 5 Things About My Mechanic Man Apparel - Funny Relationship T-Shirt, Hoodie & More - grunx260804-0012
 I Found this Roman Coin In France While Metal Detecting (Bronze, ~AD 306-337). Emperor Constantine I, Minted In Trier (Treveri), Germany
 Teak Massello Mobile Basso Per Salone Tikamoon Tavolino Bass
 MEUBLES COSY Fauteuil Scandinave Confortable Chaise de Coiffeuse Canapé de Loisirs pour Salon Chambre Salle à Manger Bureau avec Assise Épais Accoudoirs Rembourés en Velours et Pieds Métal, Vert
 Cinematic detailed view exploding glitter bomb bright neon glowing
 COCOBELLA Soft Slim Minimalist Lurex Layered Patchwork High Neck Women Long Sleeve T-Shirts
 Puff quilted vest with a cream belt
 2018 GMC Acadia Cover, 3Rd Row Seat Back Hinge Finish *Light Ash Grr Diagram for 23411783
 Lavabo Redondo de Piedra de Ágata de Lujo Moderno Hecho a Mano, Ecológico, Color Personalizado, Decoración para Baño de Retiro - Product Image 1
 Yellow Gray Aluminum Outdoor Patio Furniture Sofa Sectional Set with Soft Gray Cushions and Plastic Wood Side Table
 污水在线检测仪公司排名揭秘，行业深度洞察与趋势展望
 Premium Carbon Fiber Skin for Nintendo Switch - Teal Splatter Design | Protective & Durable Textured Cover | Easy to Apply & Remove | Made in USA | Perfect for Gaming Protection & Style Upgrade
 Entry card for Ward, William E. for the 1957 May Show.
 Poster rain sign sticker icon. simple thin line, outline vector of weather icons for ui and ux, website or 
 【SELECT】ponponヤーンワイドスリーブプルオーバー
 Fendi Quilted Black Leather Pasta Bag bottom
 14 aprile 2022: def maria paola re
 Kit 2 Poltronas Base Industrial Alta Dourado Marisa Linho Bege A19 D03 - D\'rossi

**PROBLEM REQUIREMENTS:**
Please copy the lines in the records above between the one holding "污水在线检测仪公司排名揭秘，行业深度洞察与趋势展望" and the one holding "Premium Carbon Fiber", inclusive, exactly and with no other line.

**RESPONSE TO THIS TASK:**
 污水在线检测仪公司排名揭秘，行业深度洞察与趋势展望
 Premium Carbon Fiber Skin for Nintendo Switch - Teal Splatter Design | Protective & Durable Textured Cover | Easy to Apply & Remove | Made in USA | Perfect for Gaming Protection & Style Upgrade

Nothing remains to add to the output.